Thursday, August 22, 2013

Foreign Treasury Owner Positioning for Higher Rate... But By How Much

The following was posted via Zerohedge earlier today

Consider the following. The Fed has only $50 billion or so in capital. With the Fed now owning over 30% of the ten-year market, every time bonds drop and yields rise, the Fed will erase ALL of this capital. Indeed, Mark Hussman of Hussman Funds notes that even a 100 basis point increase in yields will wipe out the Fed’s capital six times over.

And therein lies the core problem: by expanding its balance sheet so dramatically, the Fed has in effect spread the financial crisis from a private banking level to a public/ sovereign level. Put another way, when the next Crisis hits, it will not be Wall Street banks that go bust but the Fed itself.

Anyone who believes the Fed can “exit” this position is delusional. The single biggest trade for the last four years has been frontrunning the Fed’s asset purchases. When the Fed reverses course and begins selling assets, everyone will dump Treasuries in anticipation.

Indeed, we are already witnessing this with foreign nations selling Treasuries in record amounts in June when the Fed first hinted at tapering its QE programs. Japan and China alone dumped $40 billion that month (of a total $66 billion sold by foreigners that month).

By the way, this was the single largest Treasury dump by foreigners since August 2007. We all remember what followed that (the first round of this Crisis).

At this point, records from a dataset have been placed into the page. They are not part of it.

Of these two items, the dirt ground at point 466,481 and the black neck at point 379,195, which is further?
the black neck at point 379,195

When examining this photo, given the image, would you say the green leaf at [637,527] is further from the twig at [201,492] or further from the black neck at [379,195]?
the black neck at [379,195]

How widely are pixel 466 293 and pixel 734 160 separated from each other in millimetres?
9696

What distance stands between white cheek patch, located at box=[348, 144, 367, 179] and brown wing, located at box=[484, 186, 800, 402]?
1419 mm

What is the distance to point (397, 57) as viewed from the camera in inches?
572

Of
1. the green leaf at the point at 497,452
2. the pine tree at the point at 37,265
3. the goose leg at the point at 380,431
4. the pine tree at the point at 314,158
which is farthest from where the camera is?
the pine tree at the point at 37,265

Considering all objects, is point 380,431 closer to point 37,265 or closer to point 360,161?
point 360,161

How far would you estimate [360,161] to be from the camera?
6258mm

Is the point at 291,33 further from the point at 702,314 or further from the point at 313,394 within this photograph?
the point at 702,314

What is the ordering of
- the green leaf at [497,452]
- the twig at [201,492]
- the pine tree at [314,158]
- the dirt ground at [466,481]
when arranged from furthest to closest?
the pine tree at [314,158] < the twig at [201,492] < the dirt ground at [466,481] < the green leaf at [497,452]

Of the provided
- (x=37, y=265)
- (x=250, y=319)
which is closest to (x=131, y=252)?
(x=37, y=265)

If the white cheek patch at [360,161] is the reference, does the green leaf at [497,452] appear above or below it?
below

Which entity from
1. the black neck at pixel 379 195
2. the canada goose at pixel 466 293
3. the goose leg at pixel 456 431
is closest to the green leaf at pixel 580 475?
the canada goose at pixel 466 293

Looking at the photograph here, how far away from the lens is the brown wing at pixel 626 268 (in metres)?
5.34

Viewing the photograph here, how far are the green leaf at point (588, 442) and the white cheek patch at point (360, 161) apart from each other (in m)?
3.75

The highlights in the  above are mine, and it got me thinking especially in regards to the below chart, which shows the the Proshares Ultrashort 20Y Treasury ETF. Rates- which move inverse to price- have been steadily moving upward since late April or early or May.


This correspond directly with the Fed's start of tapering talk, here as exampled by the search queries trend report via Google.

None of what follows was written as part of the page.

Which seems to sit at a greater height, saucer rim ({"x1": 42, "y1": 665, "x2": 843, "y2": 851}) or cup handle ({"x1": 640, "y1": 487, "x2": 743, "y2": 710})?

While foreign holders of US treasuries began to reduce their holdings beginning in the April to May time period, here shown as the monthly change in the TIC data.



Notice how China, Japan (as the largest foreign holders), and all foreign owners of US treasuries have continued to reduce their ownership rates. The question I have after viewing these charts- what amount of durational risk were foreign treasury owners attempting to reduce and have we seen all of it?